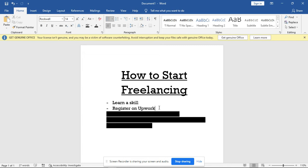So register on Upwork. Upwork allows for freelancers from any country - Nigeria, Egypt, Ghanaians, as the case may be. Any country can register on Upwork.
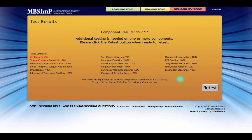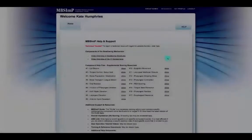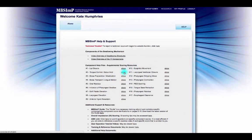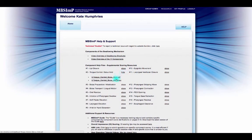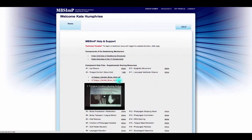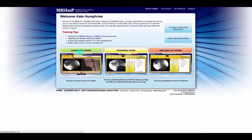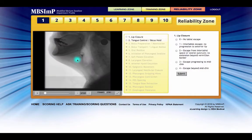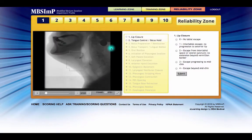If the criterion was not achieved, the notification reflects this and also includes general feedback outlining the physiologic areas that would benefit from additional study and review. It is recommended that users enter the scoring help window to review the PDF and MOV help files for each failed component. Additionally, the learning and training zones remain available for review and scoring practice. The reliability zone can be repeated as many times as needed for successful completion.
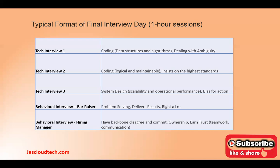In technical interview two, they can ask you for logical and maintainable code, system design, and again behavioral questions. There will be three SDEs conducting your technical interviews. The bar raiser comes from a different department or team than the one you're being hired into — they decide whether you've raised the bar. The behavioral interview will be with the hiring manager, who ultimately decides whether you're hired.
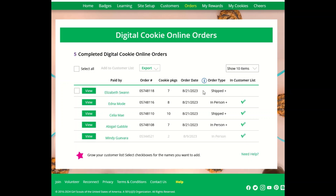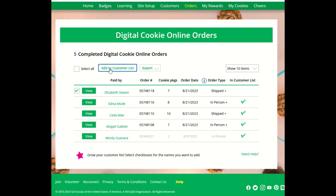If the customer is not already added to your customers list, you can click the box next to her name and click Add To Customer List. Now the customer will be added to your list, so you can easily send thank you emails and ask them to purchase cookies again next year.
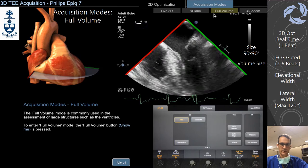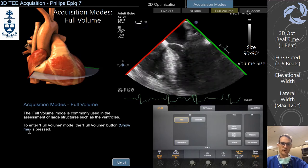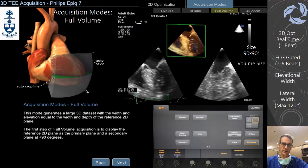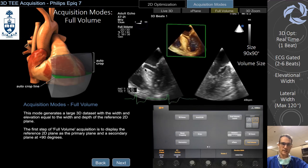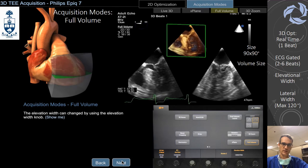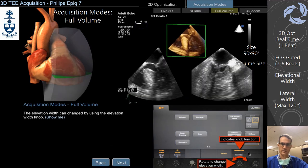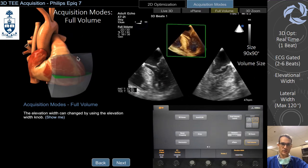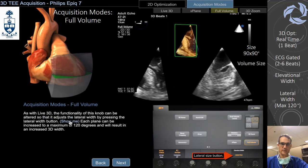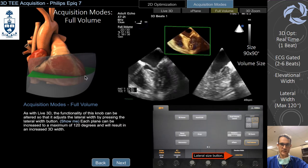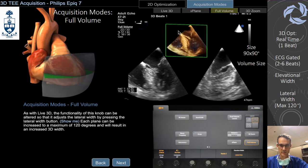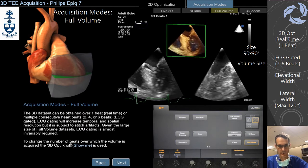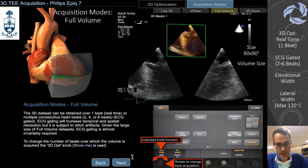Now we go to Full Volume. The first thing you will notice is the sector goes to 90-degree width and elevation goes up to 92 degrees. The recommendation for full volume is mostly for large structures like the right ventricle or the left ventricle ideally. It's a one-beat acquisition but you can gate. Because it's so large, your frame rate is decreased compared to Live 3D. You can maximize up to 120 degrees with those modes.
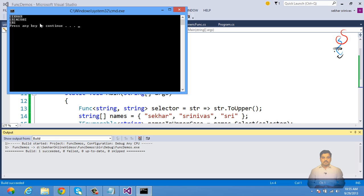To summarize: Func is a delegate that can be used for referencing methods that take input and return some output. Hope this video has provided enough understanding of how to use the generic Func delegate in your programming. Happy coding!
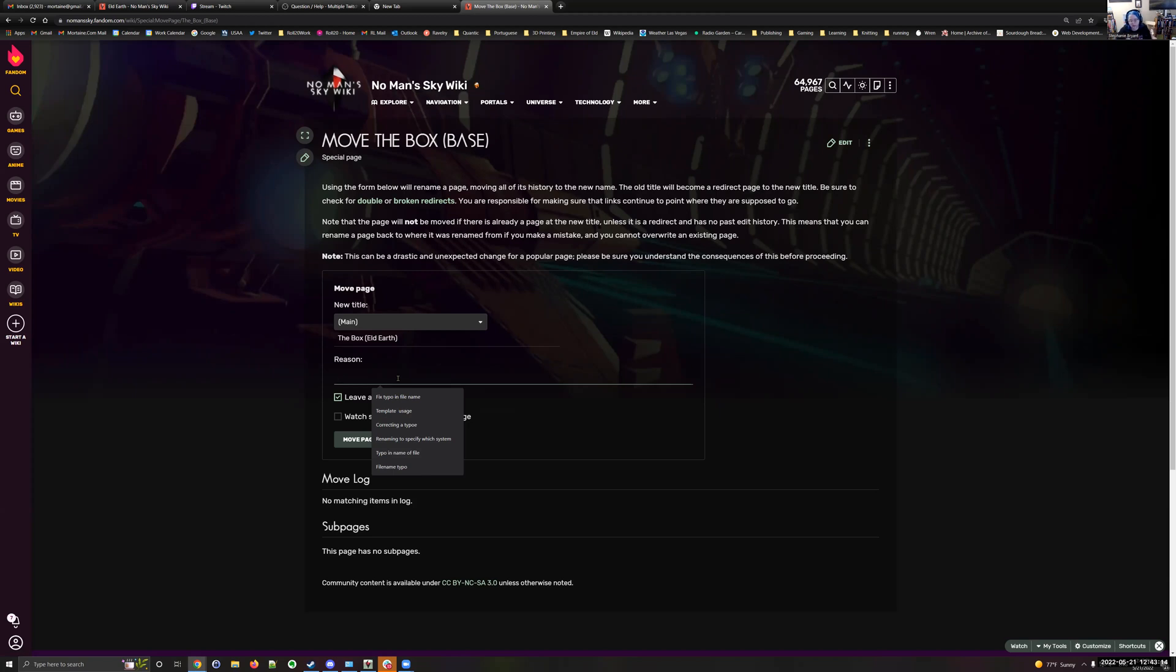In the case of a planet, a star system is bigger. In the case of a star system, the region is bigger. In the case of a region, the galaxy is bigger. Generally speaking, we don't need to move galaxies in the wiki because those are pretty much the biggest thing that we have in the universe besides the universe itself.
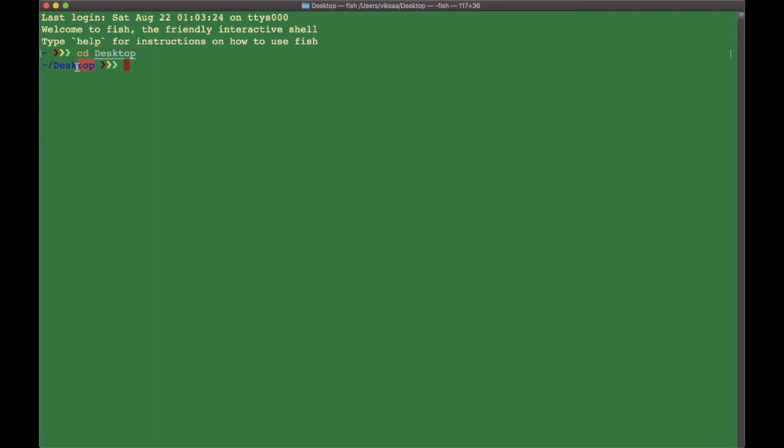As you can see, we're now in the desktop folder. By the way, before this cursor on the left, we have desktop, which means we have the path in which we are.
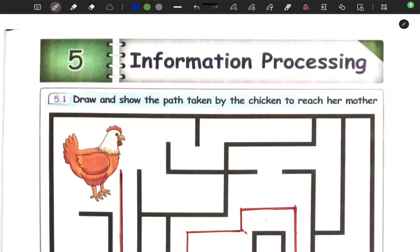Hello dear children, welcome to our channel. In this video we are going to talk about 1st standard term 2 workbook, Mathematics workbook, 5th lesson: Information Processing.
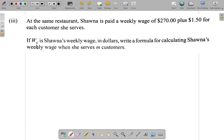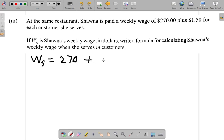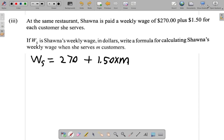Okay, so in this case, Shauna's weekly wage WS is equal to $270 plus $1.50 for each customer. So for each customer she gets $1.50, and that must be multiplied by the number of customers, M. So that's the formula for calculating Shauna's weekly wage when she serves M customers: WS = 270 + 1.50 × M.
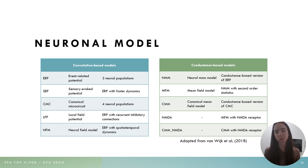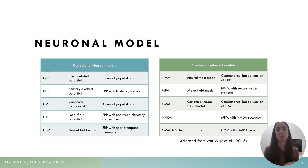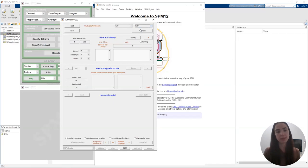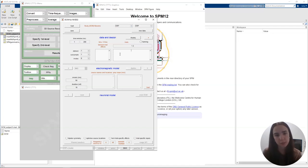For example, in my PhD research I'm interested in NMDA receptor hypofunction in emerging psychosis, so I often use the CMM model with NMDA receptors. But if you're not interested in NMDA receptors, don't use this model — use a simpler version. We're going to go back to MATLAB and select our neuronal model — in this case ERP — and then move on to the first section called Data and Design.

-=-=-=-=-

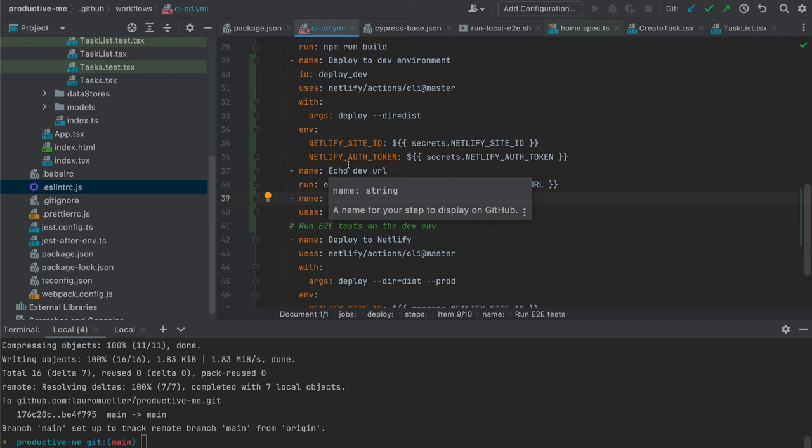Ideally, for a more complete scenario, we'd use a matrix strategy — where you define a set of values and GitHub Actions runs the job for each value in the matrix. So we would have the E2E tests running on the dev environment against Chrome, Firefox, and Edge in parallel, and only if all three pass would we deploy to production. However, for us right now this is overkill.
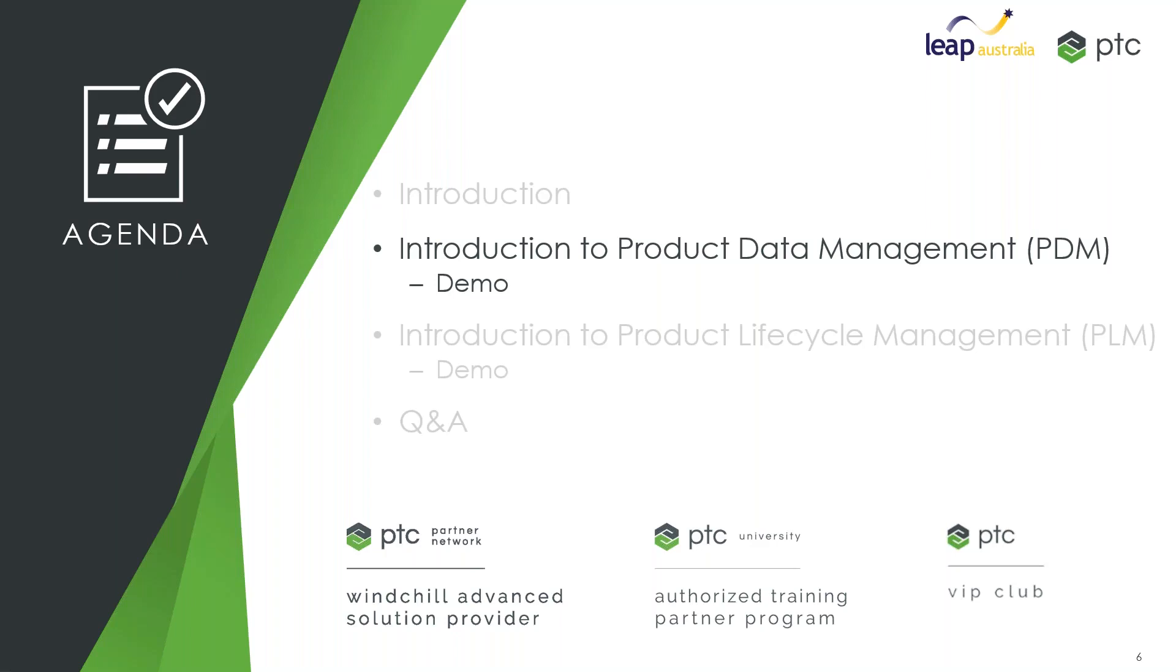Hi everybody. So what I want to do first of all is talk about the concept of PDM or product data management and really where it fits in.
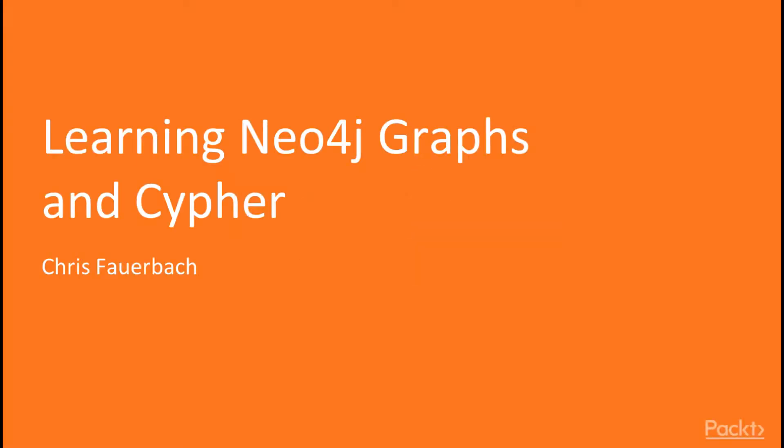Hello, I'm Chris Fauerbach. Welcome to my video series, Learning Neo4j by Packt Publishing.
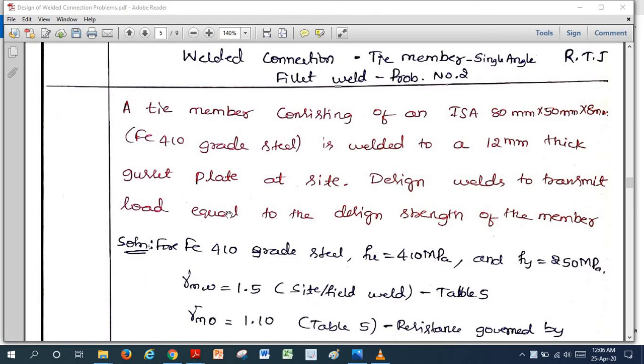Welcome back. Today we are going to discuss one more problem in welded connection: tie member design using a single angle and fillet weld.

-=-=-=-=-

Task objective
Leaving each picture behind, please give again exactly the lines above from the one with "Hello, I'm Chris" through the one with "Welcome back. Today", both included, and no others.

Exercise result
Hello, I'm Chris Fauerbach. Welcome to my video series, Learning Neo4j by Packt Publishing.
Welcome back. Today we are going to discuss one more problem in welded connection: tie member design using a single angle and fillet weld.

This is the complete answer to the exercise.